:: EXERCISE REQUIREMENTS ::
Please copy the lines below, exactly as they are, from the one with "NatureWise NAD+ Support" through the one with "- Publicité Foret", and leave out the pictures.

:: EXTRACTED INFORMATION ::
══════

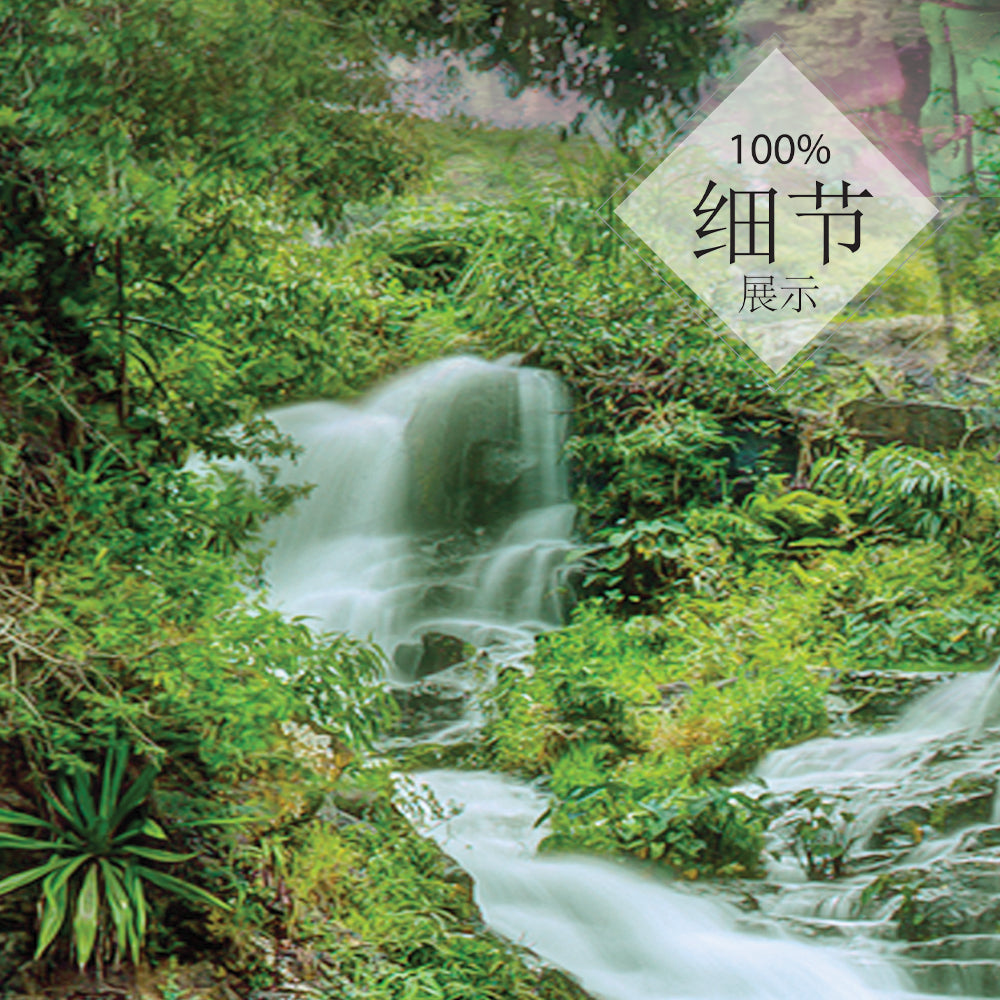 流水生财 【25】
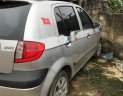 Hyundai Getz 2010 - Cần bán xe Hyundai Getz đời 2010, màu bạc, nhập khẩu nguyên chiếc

══════

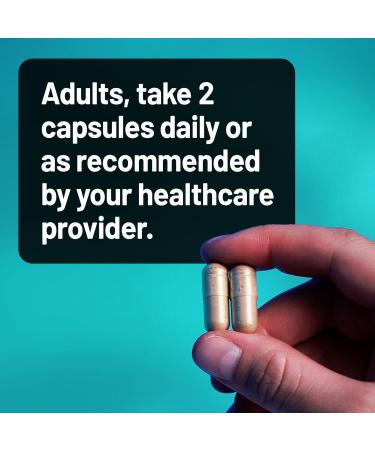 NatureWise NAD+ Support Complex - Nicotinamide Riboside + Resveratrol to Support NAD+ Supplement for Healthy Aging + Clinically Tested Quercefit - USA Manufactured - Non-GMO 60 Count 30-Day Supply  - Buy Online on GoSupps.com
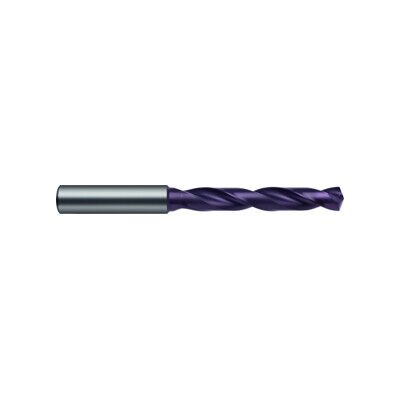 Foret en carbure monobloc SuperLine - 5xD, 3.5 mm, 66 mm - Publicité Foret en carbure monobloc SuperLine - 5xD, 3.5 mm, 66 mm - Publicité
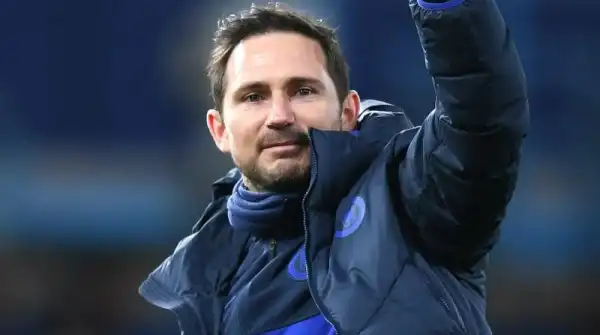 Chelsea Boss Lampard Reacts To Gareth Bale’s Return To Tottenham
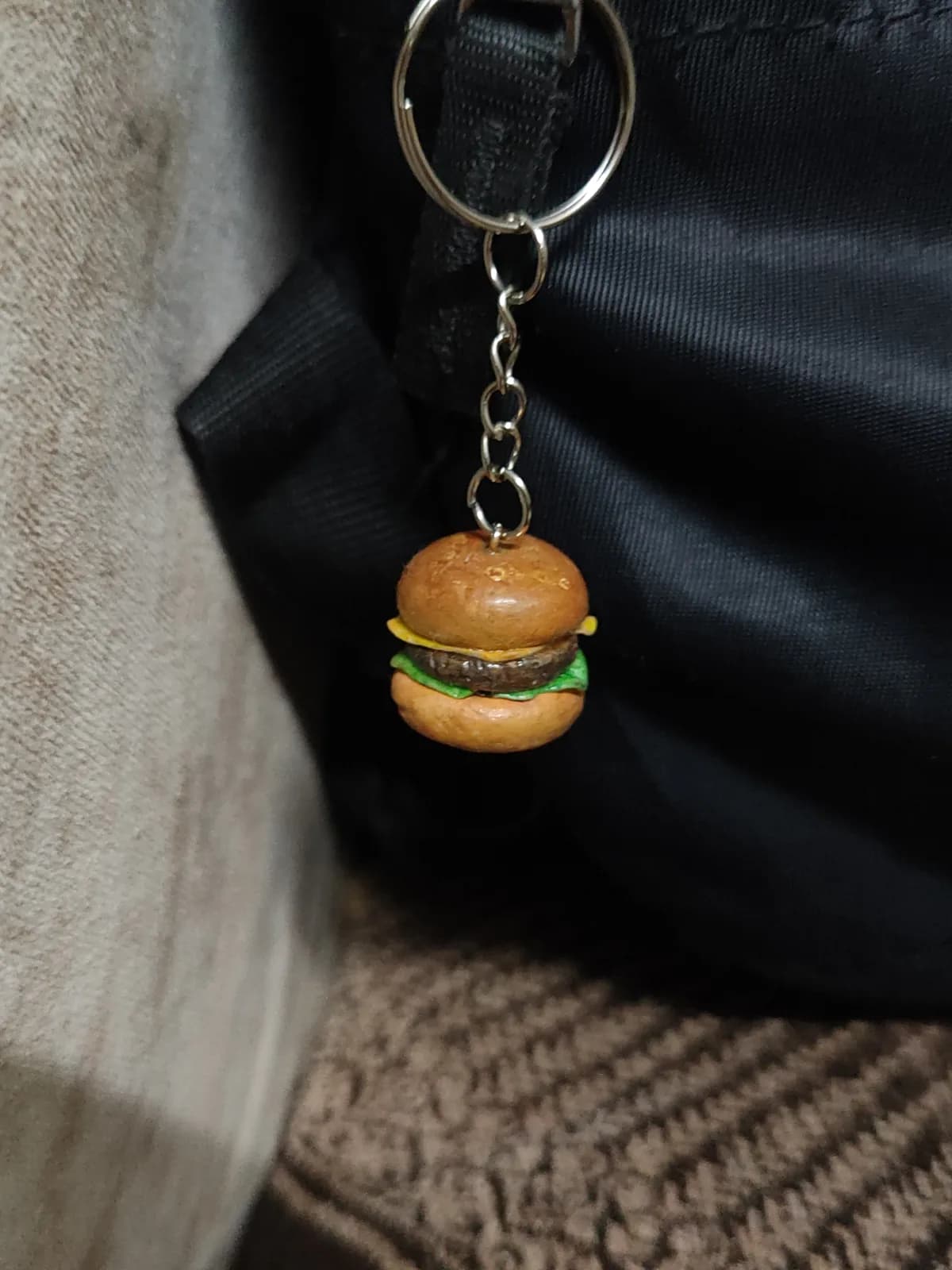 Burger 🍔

══════

:: EXPECTED ANSWER ::
 NatureWise NAD+ Support Complex - Nicotinamide Riboside + Resveratrol to Support NAD+ Supplement for Healthy Aging + Clinically Tested Quercefit - USA Manufactured - Non-GMO 60 Count 30-Day Supply  - Buy Online on GoSupps.com
 Foret en carbure monobloc SuperLine - 5xD, 3.5 mm, 66 mm - Publicité Foret en carbure monobloc SuperLine - 5xD, 3.5 mm, 66 mm - Publicité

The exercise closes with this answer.